One of the more interesting extra-musical things to observe in jazz is how the connections between musicians happen, and then, of course, how those connections affect the music they produce.
In 1993, Martin Speake connected with Paul Motian, and they toured as a trio with bassist Mick Hutton, playing both Speake's and Motian's compositions. Fast forward seven years to 2000 and Speake added Bobo Stenson to the group, playing and composing music that was sensitive to both Motian's and Stenson's jazz conception. Stenson's Goodbye
(ECM, 2005) is a direct result of Stenson and Motian playing together in Speake's band.
A delightful album, Change Of Heart
has the perfect mix of understated playing and melodies that are direct, yet full of surprising turns of phrase and varied musical development. While it's entirely comprised of Speake compositions, it sounds at times very much like Motian's Garden of Eden
(ECM, 2006) in the way the floating quality of Speake's phrasing is reinforced by Motian's drums and his very cool (meaning reserved, understated and thoughtful) sound, which evokes Chris Cheek's work on the Motian album.

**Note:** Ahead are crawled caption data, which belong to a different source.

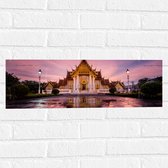 Muursticker - Boeddhistische Wat Benchamabophit Tempel met Gouden Details in Bangkok, Thailand - 60x20 cm Foto op Muursticker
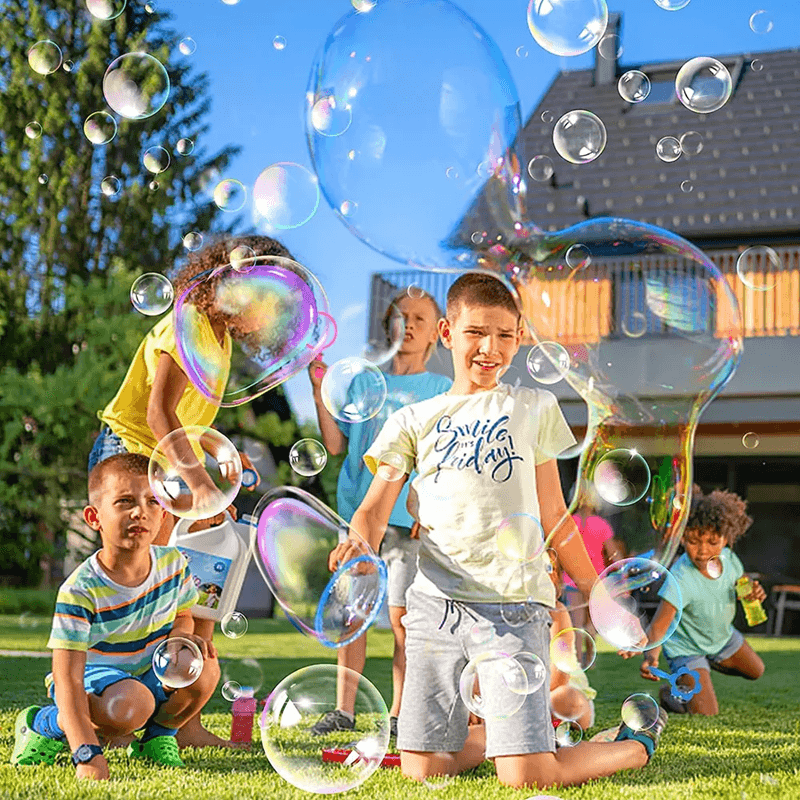 BubbleJoy Outdoor Bubble Blowing Set For Kids And Families 4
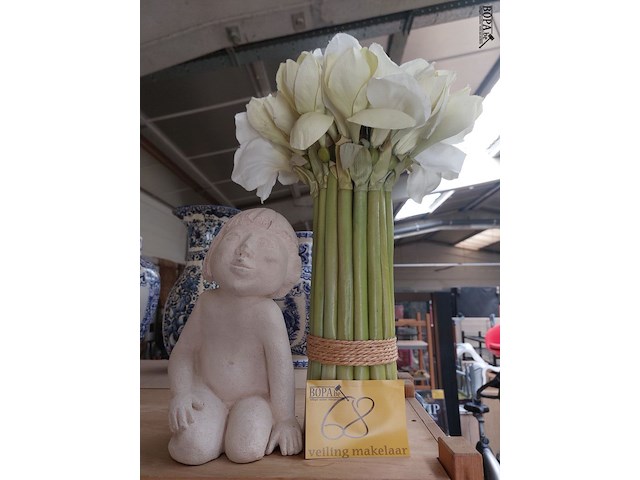 Lot 68 - stenen beeld kindje get & kunststof bloemen - afbeelding 1 van  5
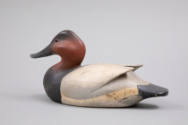 Artist unidentified, “Canvasback Drake”, Maryland, 1940, Paint on wood with glass eyes, 7 1/4 ×…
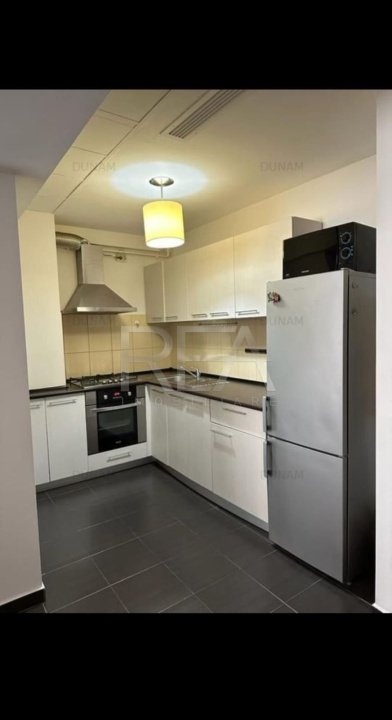 APARTAMENT CU 2 CAMERE DE VANZARE IN BLOCUL RIN GRAND HOTEL,IMPREUNĂ CU PARCARE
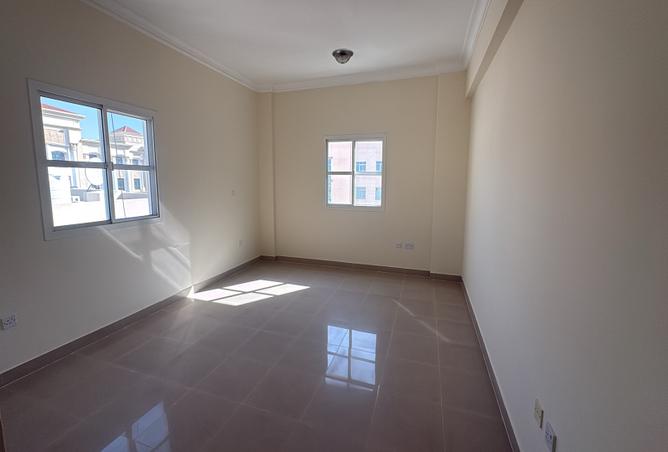 1002114 - Property Image 2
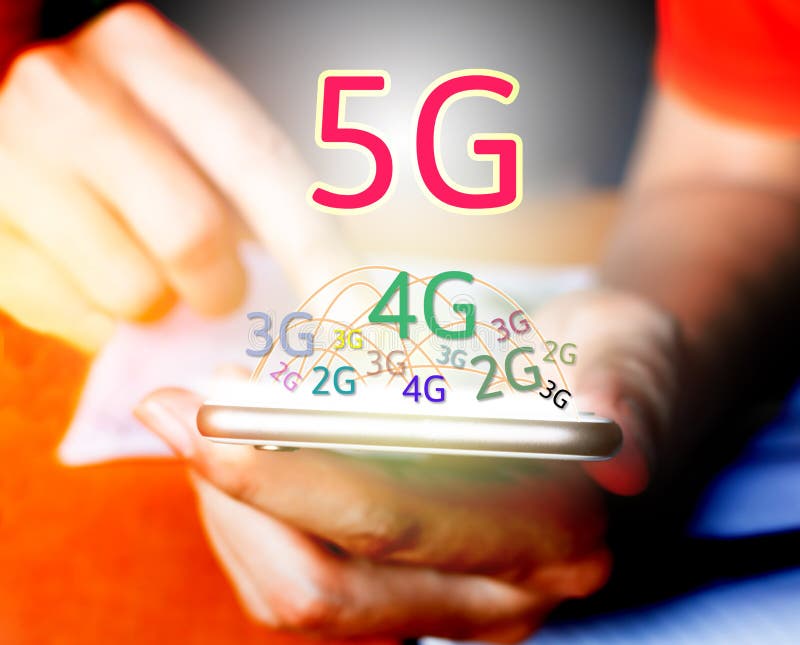 concept de la mise en réseau 5G Homme d'affaires utilisant le téléphone et le touchin futés images stock concept de la mise en réseau 5G Homme d'affaires utilisant le téléphone et le touchin futés images stock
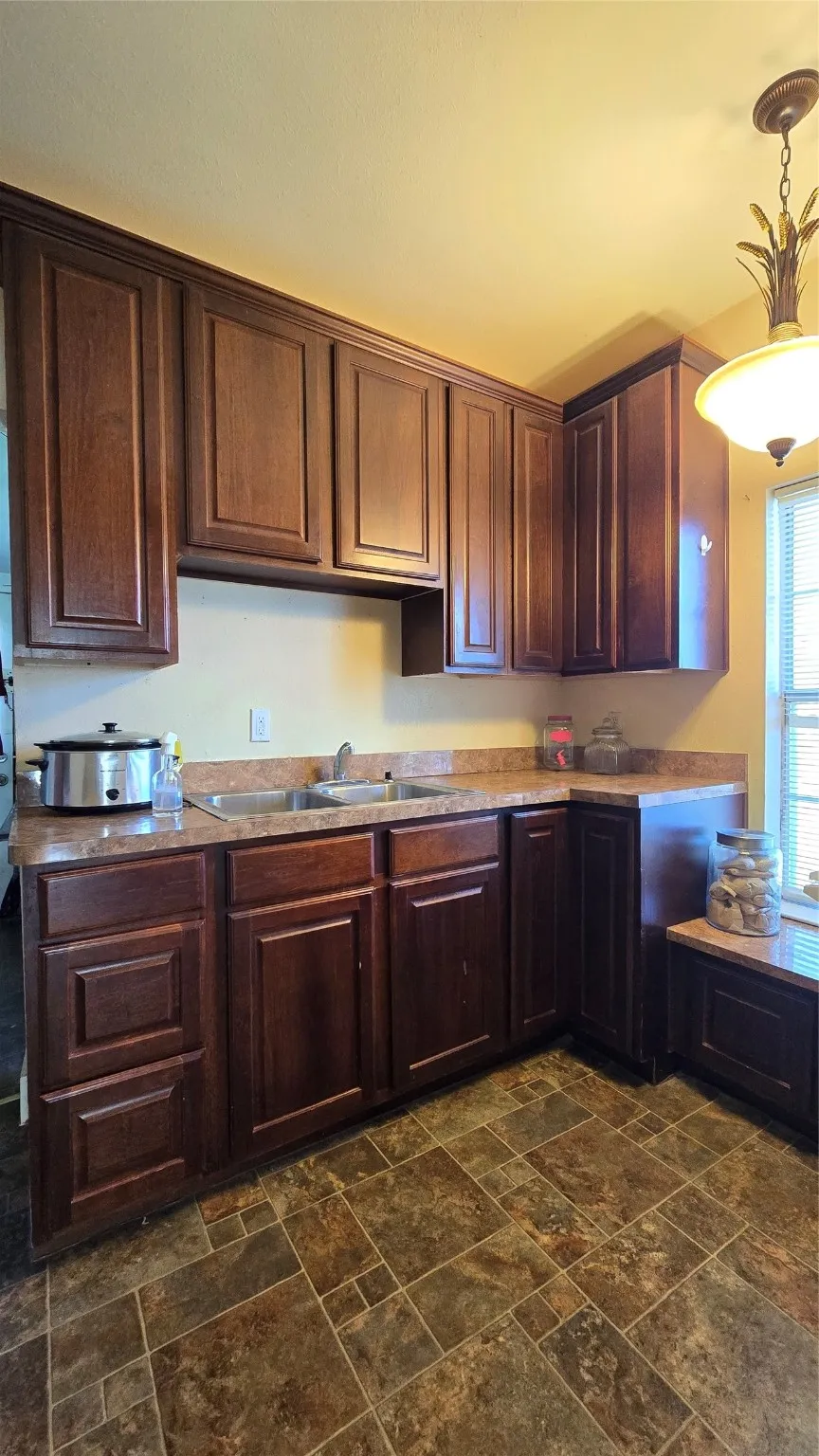 204 W Crossmain Milford, TX 76670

Thus, Speake's response to Motian is clearly audible. Stenson
is remarkably adept at fitting chameleon-like into any role, still being totally himself. While he might also be described as a cool player, the pianist always adds intensity to every note and phrase he plays.
Speake's alto tone is quite interesting, and if you close your eyes, it sounds at times like a trumpet with some kind of subtle mute. His phrasing has a strong vocal quality as he sings through his horn. The album's melodies take their time to unfold, and this quality is echoed in the way the tracks proceed and how each member of the group adds to the mix, yielding music with an organic wholeness.

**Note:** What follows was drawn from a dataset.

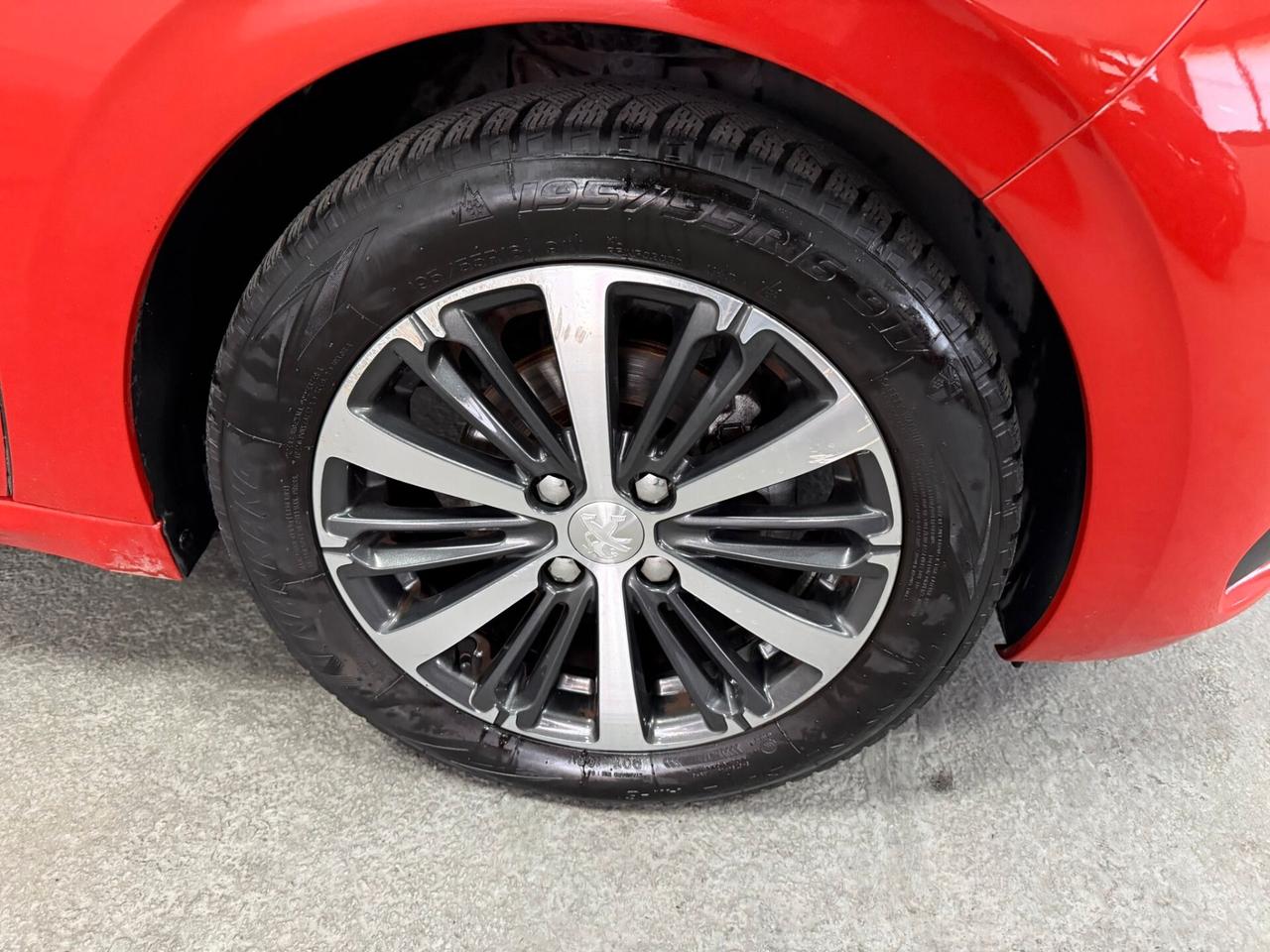 Peugeot 208 1.2 Benz. 110cv 5 porte GT Line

For me, the essence of Change Of Heart
is evident in the last track, "In Code." Introduced by Hutton alone on bass, an atmosphere of mystery and suspense is created, only to be intensified by the entrance of Motian and Stenson. As Speake plays the theme, supported mostly by a pedal tone, Stenson echoes and embellishes each phrase. The music washes upon the shores as Speake jumps into a higher range, as if to try to escape from the pedal anchor. Stenson replies with a magnificent solo that encapsulates his cool blue burning intensity and leads seamlessly to Speake's recap.
Simple directness, overtly beautiful, cool and compact: just wonderful.